Last week John told Sue (fictional characters) he wanted a divorce. Sue knew their twenty-year marriage was rocky and that their numerous marriage counseling sessions had not improved their situation, but she never thought John would insist on a divorce.

Last week John told Sue (fictional characters) he wanted a divorce. Sue knew their twenty-year marriage was rocky and that their numerous marriage counseling sessions had not improved their situation, but she never thought John would insist on a divorce. The thought of fighting it out in court along with the financial, emotional and social impact of divorce terrified her. Sue didn’t want a divorce but had to protect herself. Luckily the next day Sue consulted with a divorce attorney who informed her of two ways to resolve divorce issues outside of court: Divorce Mediation and Collaborative Divorce. Sue now considers these two alternatives to be “better ways” for her and John to work out their divorce issues.

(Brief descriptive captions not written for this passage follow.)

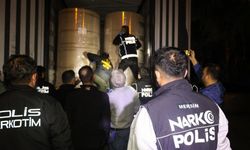 Yurt dışından gelen tıra operasyon: 223 kilo skunk ele geçirildi!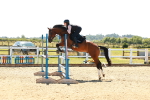 SBM_007023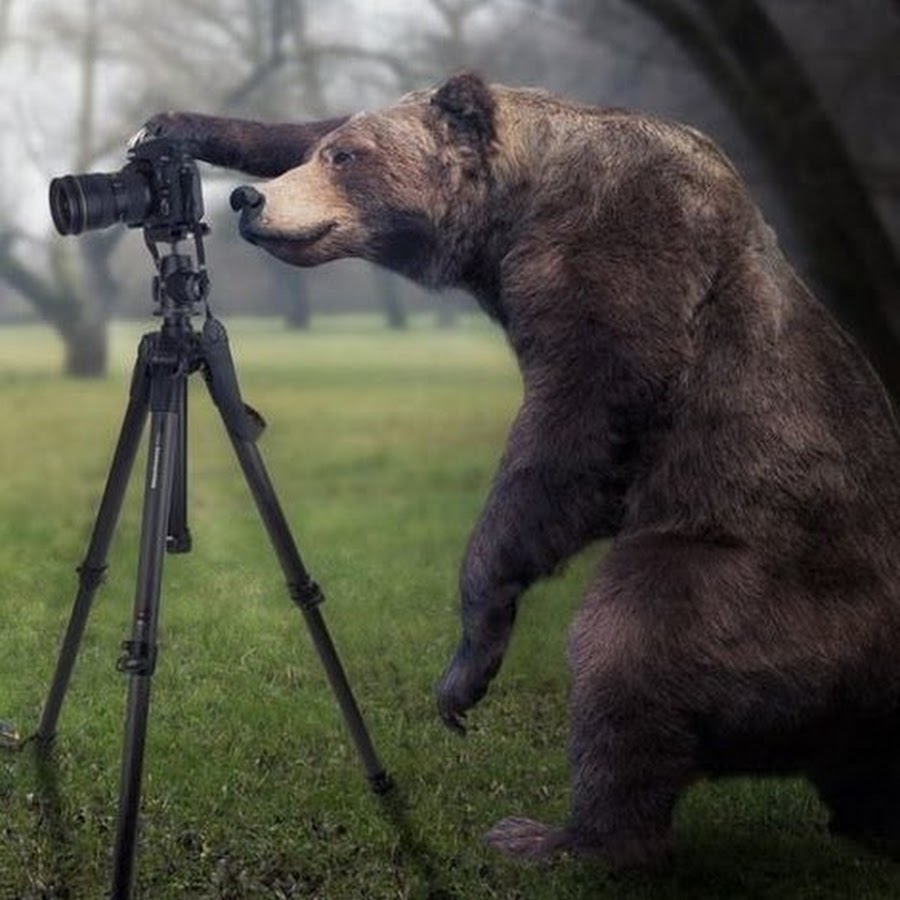 Последнее фото японского фотографа медведь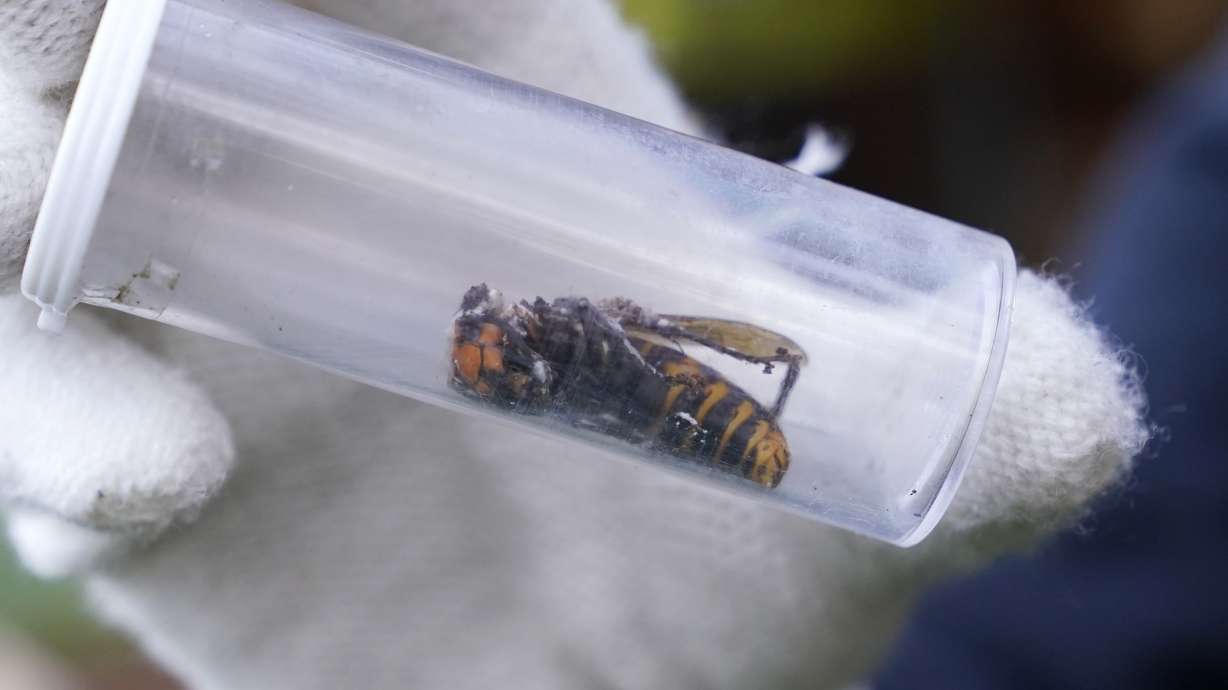 A Washington State Department of Agriculture worker displays a giant hornet taken from a nest, Oct. 24, 2020, in Blaine, Wash. The hornet has been eradicated in the U.S., officials say.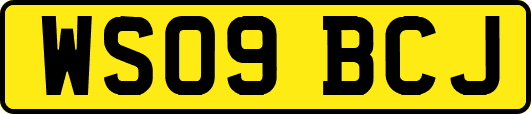 WS09BCJ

Divorce Mediation and Collaborative Divorce are two alternatives that provide a divorcing couple the opportunity to resolve divorce issues outside of Court. Both are geared toward providing privacy, respect, dignity and control to the divorcing couple. They are based on assumptions of good faith and full disclosure, and provide environments where divorce issues could be discussed and resolved in a non-adversarial manner. Both promote thinking “outside the box” in order to find creative, acceptable solutions. Mutual respect, trust and common goals are used to work through, manage and resolve issues.

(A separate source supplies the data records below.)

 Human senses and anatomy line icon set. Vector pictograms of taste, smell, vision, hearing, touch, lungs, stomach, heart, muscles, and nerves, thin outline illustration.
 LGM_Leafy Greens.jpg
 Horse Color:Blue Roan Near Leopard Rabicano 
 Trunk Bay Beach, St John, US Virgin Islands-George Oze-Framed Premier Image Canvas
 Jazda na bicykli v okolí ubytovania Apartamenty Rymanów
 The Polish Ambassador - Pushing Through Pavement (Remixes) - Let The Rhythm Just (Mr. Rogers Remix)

Divorce Mediation provides for meetings with a Mediator, an impartial third party. The Mediator’s role includes acting as a facilitator, identifying divorce issues, and promoting healthy discussion. During mediation sessions the Mediator encourages communication, asking questions and managing the discussion. The couple works together in an effort to resolve their divorce issues. When the mediation process is complete, the Mediator typically prepares a Memorandum of Understanding (MOU) which is not binding on the couple but contains the mediated terms. Each spouse typically takes the MOU to his or her individual attorney to review the mediated terms and continue with the legal divorce process.  

Collaborative Divorce is another alternative whereby each spouse retains a collaboratively trained attorney. Although each attorney advocates for his or her client, everyone works together, and in doing so, the husband and wife retain control of the process.

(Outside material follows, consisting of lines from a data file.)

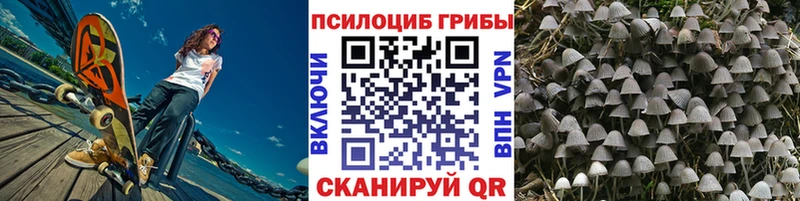 Псилоцибиновые грибы мицелий  Людиново 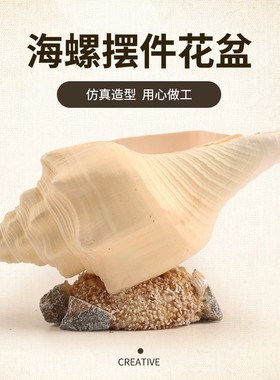 简约真海螺摆件 创意家居室内卧室客厅插花装饰工艺品摆件定制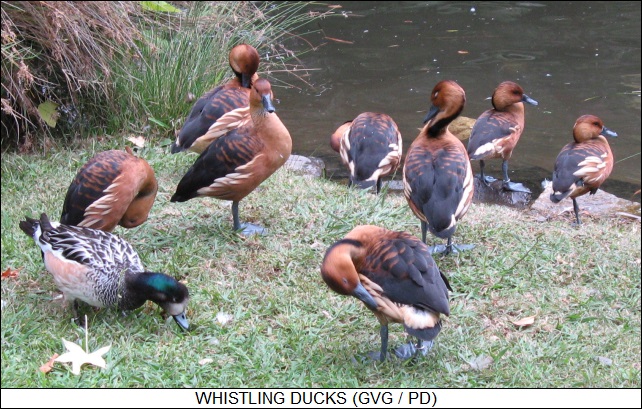 whistling ducks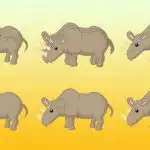 Koliko je nosoroga na slici: samo genij može točno izbrojati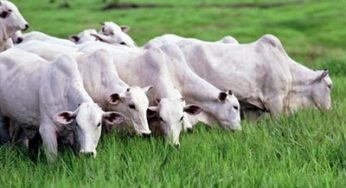Estudo com 61 mil animais mostra vantagens dos índices Vida Mais Saudável e Vida Mais Eficiente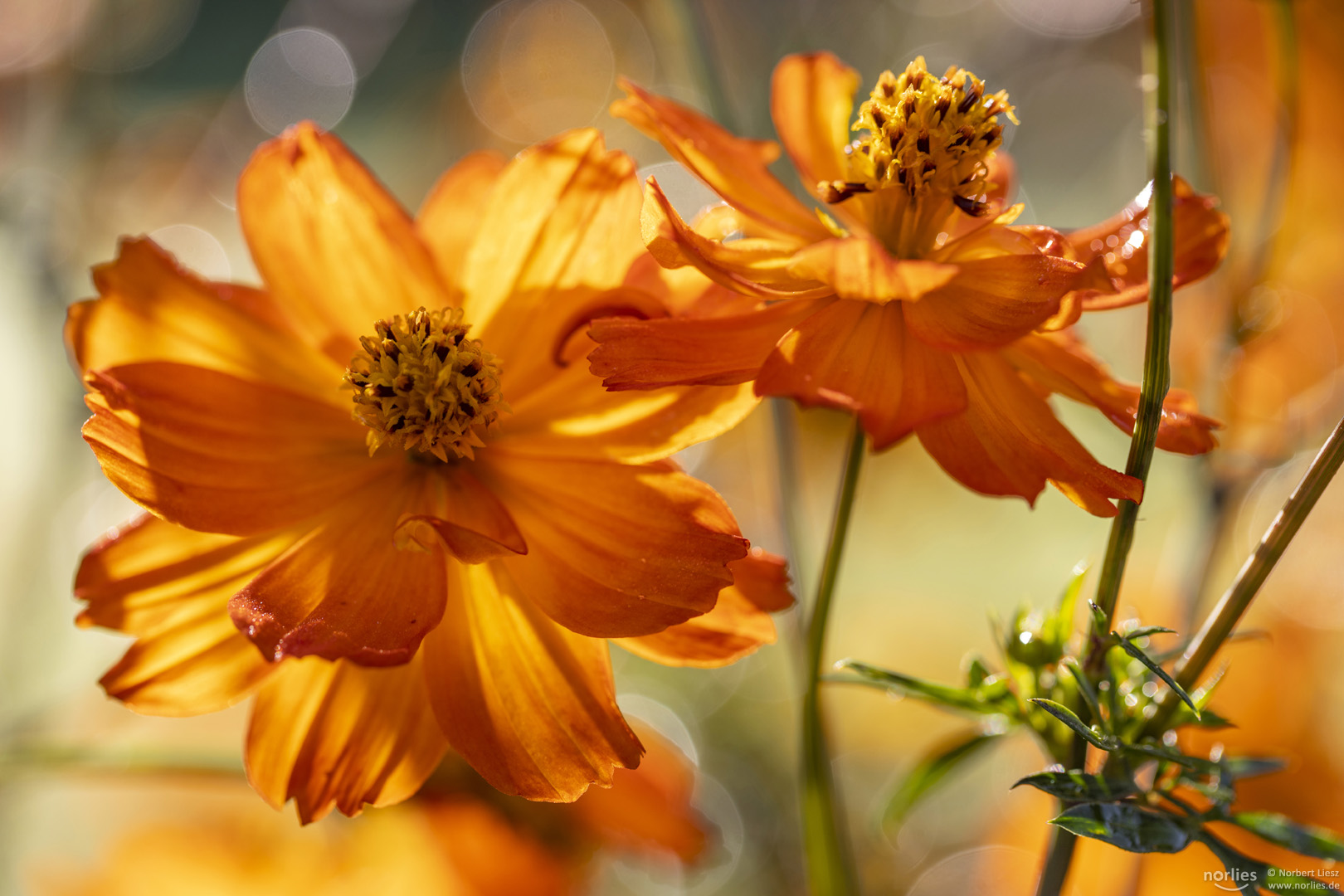 cosmos sulphureus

A series of meetings are held to discuss the divorce issues. No adversarial tactics or threats of litigation are allowed. An atmosphere of honesty, cooperation and integrity geared toward the future well being of the family is relied upon. Together the husband and wife are the architects of their settlement agreement. Neutral, collaboratively trained financial and mental health professionals may be brought in if needed. If negotiations break down and husband or wife decide to stop the collaborative process and proceed with a litigious divorce, neither collaborative attorney is able to continue on and husband and wife have to retain new attorneys.

If divorce is inevitable, putting forth an effort to resolve issues outside of court using alternatives of Divorce Mediation or Collaborative Divorce can help preserve family relationships.  Divorce issues can be viewed as “joint problems to be solved” rather than a fight to win and destroy. Meetings can be scheduled at the convenience and availability of all involved. For both Divorce Mediation and Collaborative Divorce, the husband and wife are screened to assure the process chosen is suitable, taking into account the couple’s history and situation.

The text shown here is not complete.